As long as he is careful that the shape of the knife does not significantly influence the results in a systematic way he can be safe that the results are unbiased. If you feel the height really is a large concern for systematic deviations then just put a cross bar at a specific height and raise the knife to that and then draw. But I maintain that will have no significant effect on the results and is in fact a waste of time because you are reducing the non critical random error. It would be much more useful to instead do another run with that time instead.

Similar for example I would always recommend that instead of doing one run with 10 sharpness measurements you are much better off doing two runs with five each. You have the same data but the second is going to be far more population representative. My main point in the above is to not get carried away wastnig time with precision which gains nothing as it is below the sample variance anyway. Start by asking yourself "How much precision do I really need?" and proceed accordingly. The true focus will be on the systematic deviations which will limit accuracy. Be very careful there.

If you have the time/inclination, these are not theoretical quantities, you can measure them directly, I do myself all the time in the work I do and I have outlined many times how they can be done by anyone else who wishes to insure they are being unbiased.

-Cliff

gator68 · Aug 29, 2007

Cliff Stamp said:
...

As long as he is careful that the shape of the knife does not significantly influence the results in a systematic way he can be safe that the results are unbiased. If you feel the height really is a large concern for systematic deviations then just put a cross bar at a specific height and raise the knife to that and then draw. But I maintain that will have no significant effect on the results and is in fact a waste of time because you are reducing the non critical random error. It would be much more useful to instead do another run with that time instead.
...
If you have the time/inclination, these are not theoretical quantities, you can measure them directly, I do myself all the time in the work I do and I have outlined many times how they can be done by anyone else who wishes to insure they are being unbiased.

-Cliff

I still disagree. Presumably the length to cut (the only measurement) scales linearly with the applied force. The applied force scales linearly with the height to which the knife is lifted. The height the knife is lifted is small, so even small changes in this height could make significant errors. As I stated before, small changes in one testing session could average out. However, the variation from test to test, from month to month, could be a significant systematic bias. This is an easy thing to measure and/or fix. Sodak says he has already done this by taping a ruler in. I think this will go along way towards making this a useful comparison over the long term.

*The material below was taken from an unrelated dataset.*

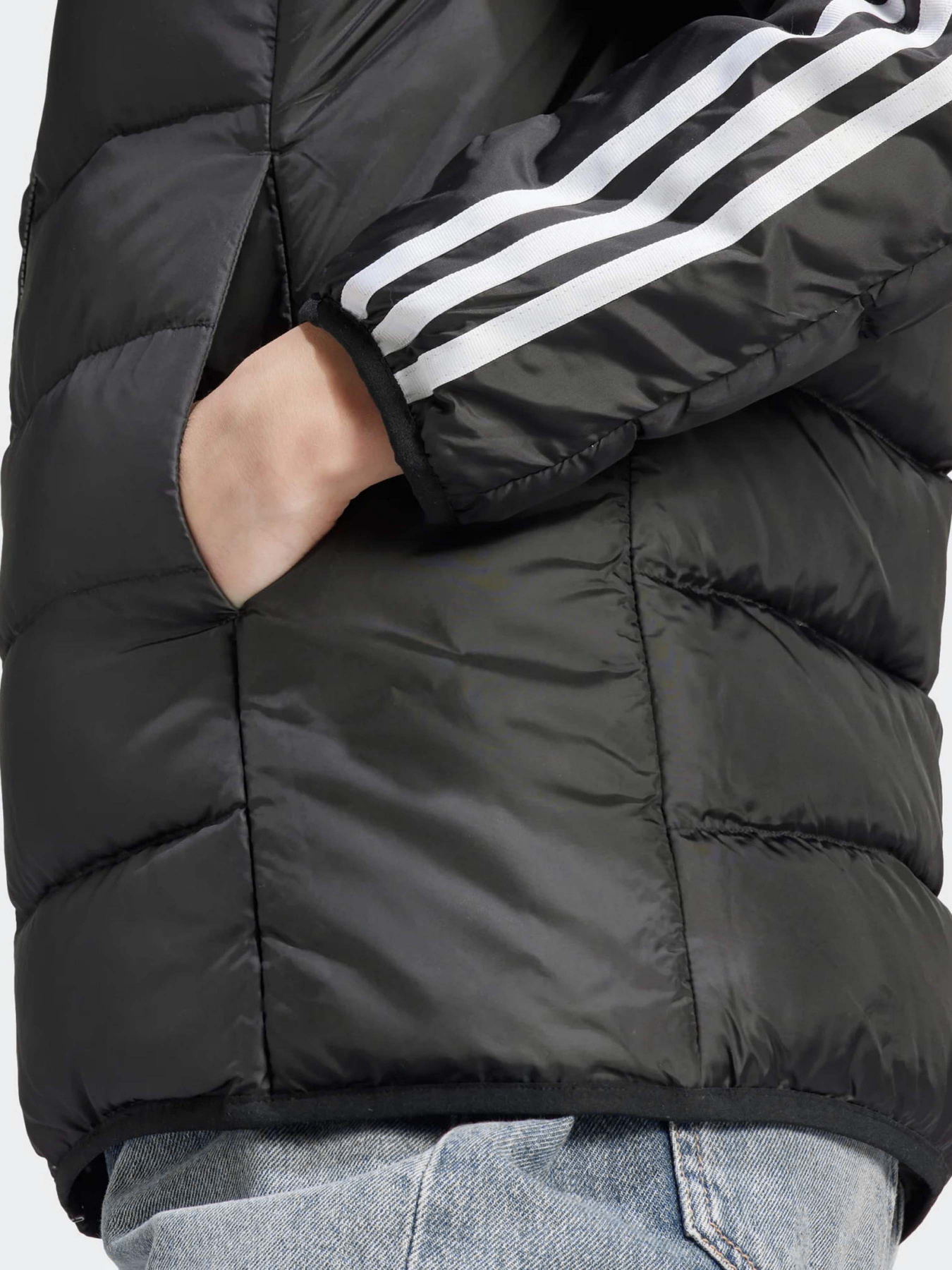 Куртки та дублянки Adidas Essentials 3-Stripes Light Down модель HZ5726 Фото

By the way, Sodak, take this as constructive criticism.

I think this is a great setup you have, and I applaud your actually spending the time to make all of these measurements. If we still had the chiclets, I'd be sending some your way.

sodak · Aug 29, 2007

No problem at all, that's why I started this thread to try and improve as I go.

Cliff Stamp · Aug 29, 2007

gator68 said:
As I stated before, small changes in one testing session could average out.

Lets not drift into the realm of could, we are dealing with simple issues of math here. When you record hundreds of measurements even large random errors will be reduced to insignificant amounts because of root N smoothing.

However, the variation from test to test, from month to month, could be a significant systematic bias.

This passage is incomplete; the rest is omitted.